The opinion of the court was delivered by: Amy J. St. Eve, District Court Judge
MEMORANDUM OPINION AND ORDER
Plaintiffs, Ramhari Subedi and Anirudra Gaire, have filed a motion ("Motion") seeking certification of a class consisting of all persons identified by Plaintiffs who paid a fee to Louise Merchant ("Merchant") and/or International H-2B/J-1 Work & Travel USA, Corporation ("International") for the purpose of obtaining a H-2B or J-1 visa but did not receive a H-2B or J-1 visa procured by Louise Merchant and/or International H-2B/J-1 Work & Travel USA, Corporation.
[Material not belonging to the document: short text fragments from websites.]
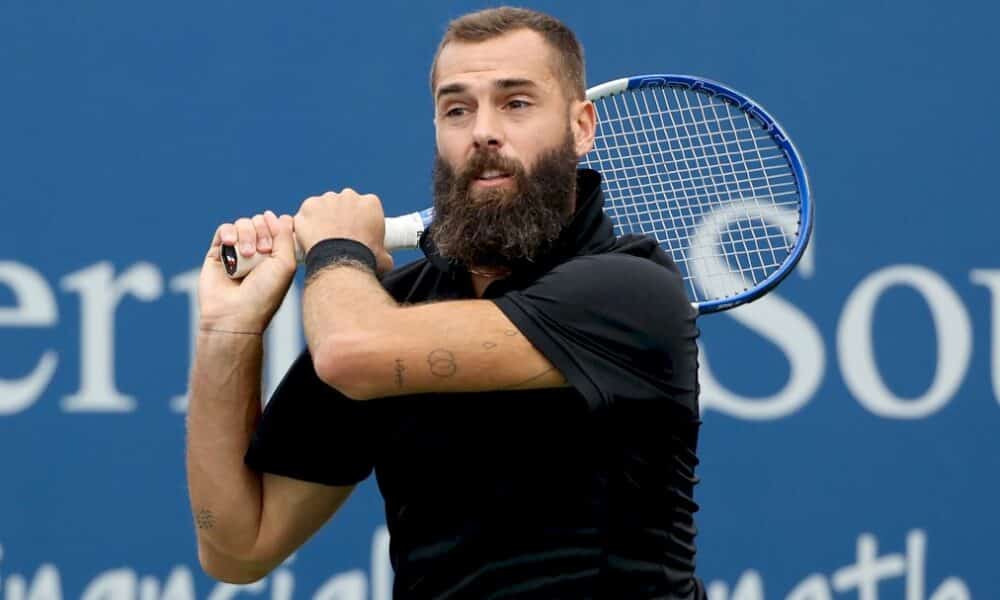 masters-1000-de-cincinnati:-paire-retrouve-les-quarts,-monfils-et-osaka-elimines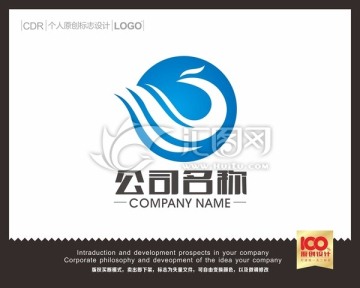 凤凰LOGO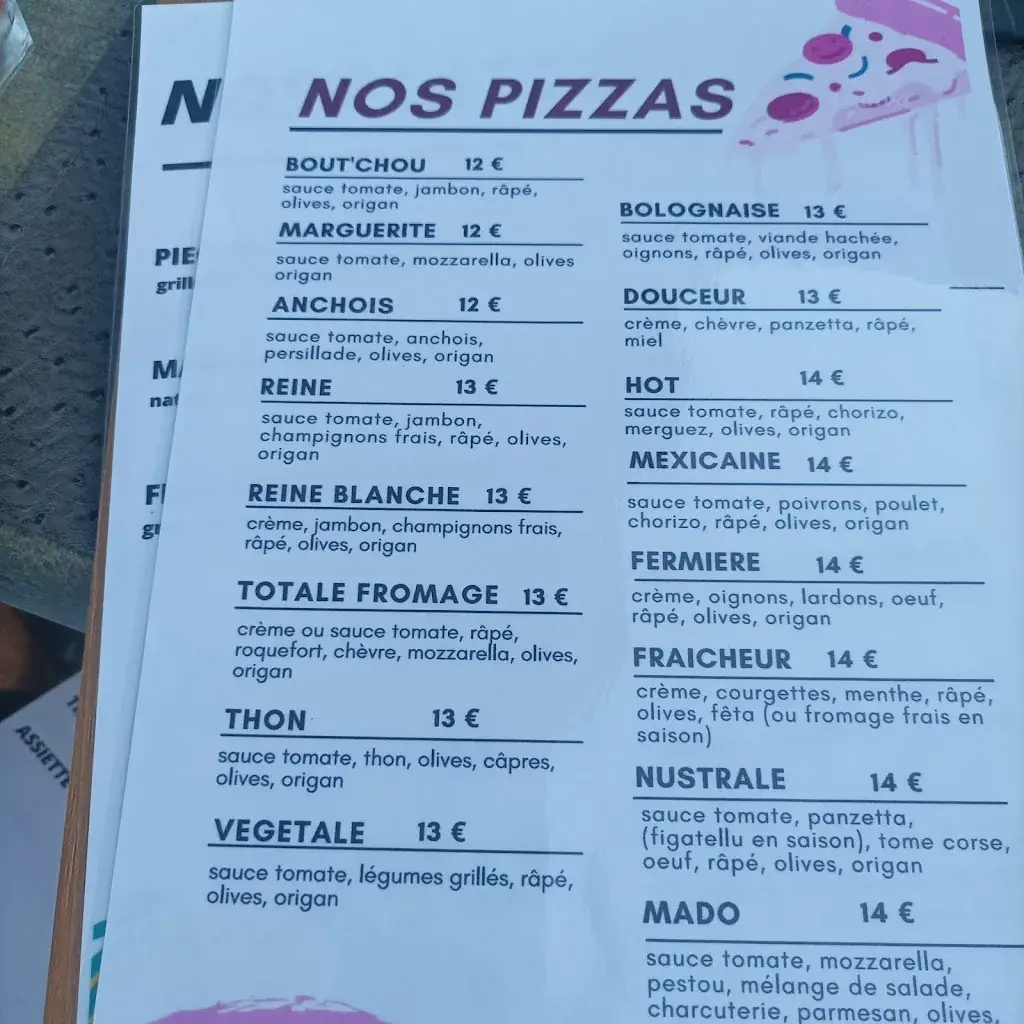 Menu_Casa Di Jojo_San-Martino-di-Lota_image_1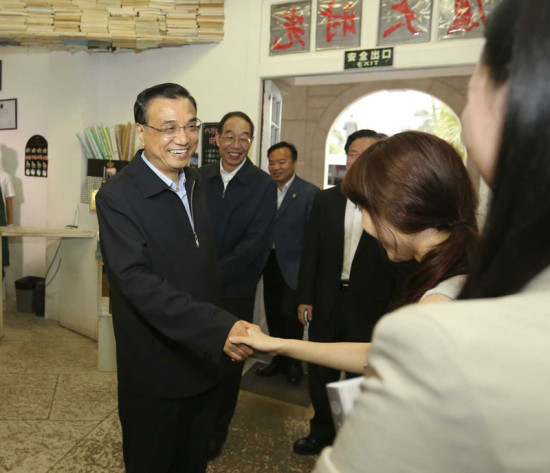 ���ǿ:��������ֻ��һ�쵫����Ӧ���������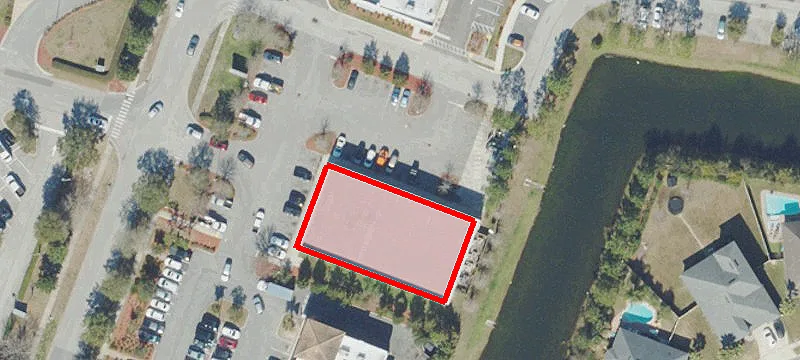 35 Murabella Pkwy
For the following reasons, the Court grants the Motion and certifies the proposed class.
To be entitled to class certification, a plaintiff must satisfy each requirement of Rule 23(a) -- numerosity, commonality, typicality, and adequacy of representation -- and one subsection of Rule 23(b). See Harper v. Sheriff of Cook Co., 581 F.3d 511, 513 (7th Cir. 2009); Oshana v. Coca-Cola Co., 472 F.3d 506, 513 (7th Cir. 2006). "'Failure to meet any of the Rule's requirements precludes class certification.'" Harper, 581 F.3d at 513 (quoting Arreola v. Godinez, 546 F.3d 788, 794 (7th Cir. 2008)).
Defendants Merchant and International purportedly represented to the proposed class members that, in return for wired payments, they would obtain I-797 certifications, H-2B or J-1 visas, and seasonal employment in the United States. (R. 24-3, R. Subedi Certification at ¶¶ 2-3, 5-6, 11; R. 26-1, T. Lama Certification at ¶¶ 2-3.) At the time they made those representations, however, Defendants Merchant and International allegedly knew and concealed that they did not have the ability or intent to obtain the I-797 certifications, H-2B or J-1 visas, or seasonal employment. (R. 24-3, R. Subedi Certification at ¶ 10.) Based on those representations, Plaintiffs allege, the members of the proposed class paid Defendants Merchant and International thousands of dollars, but Defendants did not provide them with I-797 certifications, H-2B or J-1 visas, or seasonal employment. (Id. at ¶¶ 4, 8, 11; R. 26-1, T. Lama Certification at ¶¶ 4-5.) Defendants IWT International and IWT Staffing are International's successors. (R. 1, Compl. at ¶ 21.)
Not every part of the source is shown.